WHAT TO DO: Your answer should be the exact lines of the records, starting with the one containing "Living room of" and running to the end.

DATA TO PROCESS:

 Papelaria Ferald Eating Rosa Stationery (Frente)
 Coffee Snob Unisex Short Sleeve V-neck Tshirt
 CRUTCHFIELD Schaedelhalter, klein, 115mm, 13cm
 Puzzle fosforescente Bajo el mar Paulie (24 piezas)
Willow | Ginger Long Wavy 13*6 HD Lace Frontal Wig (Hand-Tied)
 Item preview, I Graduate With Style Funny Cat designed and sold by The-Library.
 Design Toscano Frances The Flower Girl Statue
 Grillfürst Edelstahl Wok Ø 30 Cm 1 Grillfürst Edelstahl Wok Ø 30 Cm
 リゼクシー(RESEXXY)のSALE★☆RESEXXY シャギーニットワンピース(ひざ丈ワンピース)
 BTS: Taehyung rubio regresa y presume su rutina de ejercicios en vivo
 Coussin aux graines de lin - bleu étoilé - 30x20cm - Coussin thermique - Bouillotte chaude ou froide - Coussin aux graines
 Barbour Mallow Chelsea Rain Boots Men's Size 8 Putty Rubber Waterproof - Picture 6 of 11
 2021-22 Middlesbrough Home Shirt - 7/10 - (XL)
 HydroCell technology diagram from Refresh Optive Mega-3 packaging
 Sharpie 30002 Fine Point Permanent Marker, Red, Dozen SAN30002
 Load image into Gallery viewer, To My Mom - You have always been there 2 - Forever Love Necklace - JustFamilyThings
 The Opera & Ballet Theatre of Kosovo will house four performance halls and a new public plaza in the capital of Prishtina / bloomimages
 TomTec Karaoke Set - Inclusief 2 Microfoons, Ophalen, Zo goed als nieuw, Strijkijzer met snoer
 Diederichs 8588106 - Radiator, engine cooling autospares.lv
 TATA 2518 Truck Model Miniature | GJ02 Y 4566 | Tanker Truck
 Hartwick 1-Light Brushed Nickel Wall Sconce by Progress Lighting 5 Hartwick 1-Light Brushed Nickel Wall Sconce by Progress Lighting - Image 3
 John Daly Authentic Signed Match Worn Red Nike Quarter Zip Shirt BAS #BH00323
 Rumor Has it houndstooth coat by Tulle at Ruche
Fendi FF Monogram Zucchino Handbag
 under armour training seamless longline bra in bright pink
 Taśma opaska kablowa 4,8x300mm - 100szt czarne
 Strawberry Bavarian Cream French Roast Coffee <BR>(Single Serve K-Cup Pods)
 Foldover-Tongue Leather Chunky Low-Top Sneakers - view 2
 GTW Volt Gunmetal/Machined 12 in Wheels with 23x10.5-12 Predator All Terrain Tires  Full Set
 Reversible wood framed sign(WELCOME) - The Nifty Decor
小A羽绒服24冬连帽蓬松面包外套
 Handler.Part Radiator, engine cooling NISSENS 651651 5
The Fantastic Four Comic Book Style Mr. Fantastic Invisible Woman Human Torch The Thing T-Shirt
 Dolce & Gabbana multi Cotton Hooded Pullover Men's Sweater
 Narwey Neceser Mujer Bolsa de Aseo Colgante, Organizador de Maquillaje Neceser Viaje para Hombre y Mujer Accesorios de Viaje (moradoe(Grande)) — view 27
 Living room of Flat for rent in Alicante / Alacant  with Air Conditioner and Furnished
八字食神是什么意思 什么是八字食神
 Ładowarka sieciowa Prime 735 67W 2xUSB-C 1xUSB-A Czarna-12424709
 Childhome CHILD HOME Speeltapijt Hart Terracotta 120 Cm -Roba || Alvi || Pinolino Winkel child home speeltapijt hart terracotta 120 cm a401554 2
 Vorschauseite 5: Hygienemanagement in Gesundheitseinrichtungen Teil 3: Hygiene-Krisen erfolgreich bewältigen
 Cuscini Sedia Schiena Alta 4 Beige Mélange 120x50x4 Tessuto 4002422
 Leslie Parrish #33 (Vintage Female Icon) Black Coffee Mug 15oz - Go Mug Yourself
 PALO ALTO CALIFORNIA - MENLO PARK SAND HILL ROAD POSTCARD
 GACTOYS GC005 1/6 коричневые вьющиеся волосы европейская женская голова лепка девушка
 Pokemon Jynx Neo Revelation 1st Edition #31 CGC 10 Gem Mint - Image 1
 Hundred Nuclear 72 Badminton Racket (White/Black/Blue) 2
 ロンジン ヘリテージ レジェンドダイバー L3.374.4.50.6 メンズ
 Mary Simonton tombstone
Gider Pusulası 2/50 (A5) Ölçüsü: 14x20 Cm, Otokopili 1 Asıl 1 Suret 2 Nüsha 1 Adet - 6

SOLUTION TO THE PROBLEM:
 Living room of Flat for rent in Alicante / Alacant  with Air Conditioner and Furnished
八字食神是什么意思 什么是八字食神
 Ładowarka sieciowa Prime 735 67W 2xUSB-C 1xUSB-A Czarna-12424709
 Childhome CHILD HOME Speeltapijt Hart Terracotta 120 Cm -Roba || Alvi || Pinolino Winkel child home speeltapijt hart terracotta 120 cm a401554 2
 Vorschauseite 5: Hygienemanagement in Gesundheitseinrichtungen Teil 3: Hygiene-Krisen erfolgreich bewältigen
 Cuscini Sedia Schiena Alta 4 Beige Mélange 120x50x4 Tessuto 4002422
 Leslie Parrish #33 (Vintage Female Icon) Black Coffee Mug 15oz - Go Mug Yourself
 PALO ALTO CALIFORNIA - MENLO PARK SAND HILL ROAD POSTCARD
 GACTOYS GC005 1/6 коричневые вьющиеся волосы европейская женская голова лепка девушка
 Pokemon Jynx Neo Revelation 1st Edition #31 CGC 10 Gem Mint - Image 1
 Hundred Nuclear 72 Badminton Racket (White/Black/Blue) 2
 ロンジン ヘリテージ レジェンドダイバー L3.374.4.50.6 メンズ
 Mary Simonton tombstone
Gider Pusulası 2/50 (A5) Ölçüsü: 14x20 Cm, Otokopili 1 Asıl 1 Suret 2 Nüsha 1 Adet - 6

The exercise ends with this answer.